Given material >>
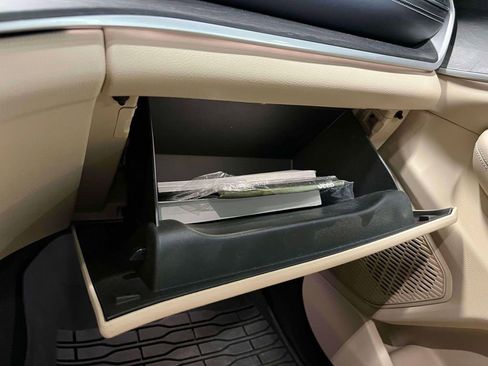 Used 2023 Jeep Grand Cherokee Limited w/ Luxury Tech Group II image 36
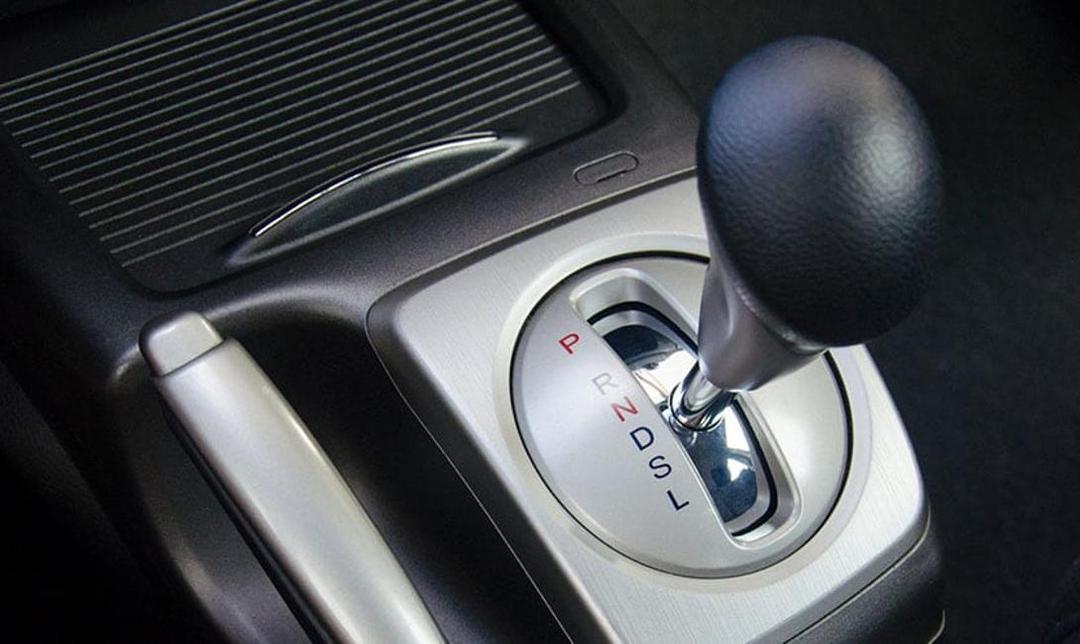Zum ersten Mal ein Auto mit Automatik fahren? 5 Tipps für eine entspannte Fahrt
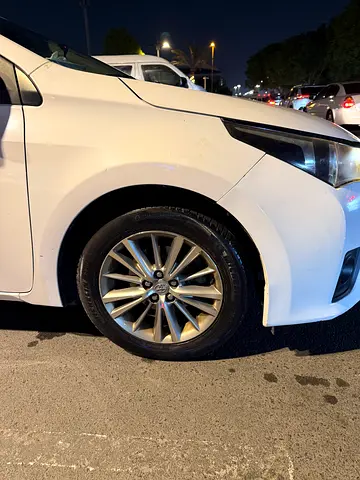 صورة 8 لـ 2015 Toyota COROLLA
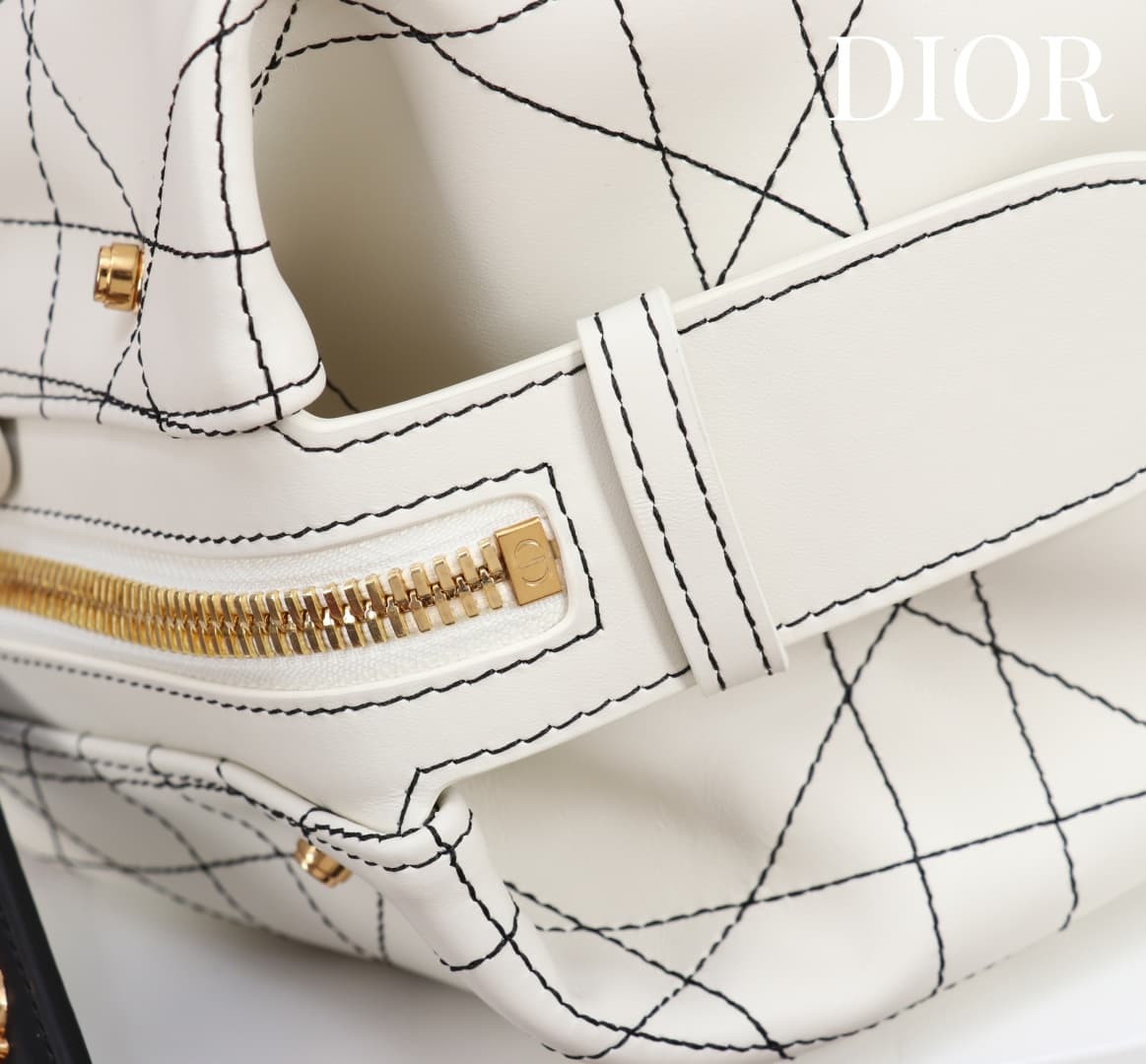 Medium D-Journey Bag in Crinkled Calfskin High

Exercise >>
Please give again only those lines that run from the one containing "صورة 8 لـ 2015 Toyota COROLLA" through the final line of the listing, both included, exactly as written and without pictures.

Problem solution >>
 صورة 8 لـ 2015 Toyota COROLLA
 Medium D-Journey Bag in Crinkled Calfskin High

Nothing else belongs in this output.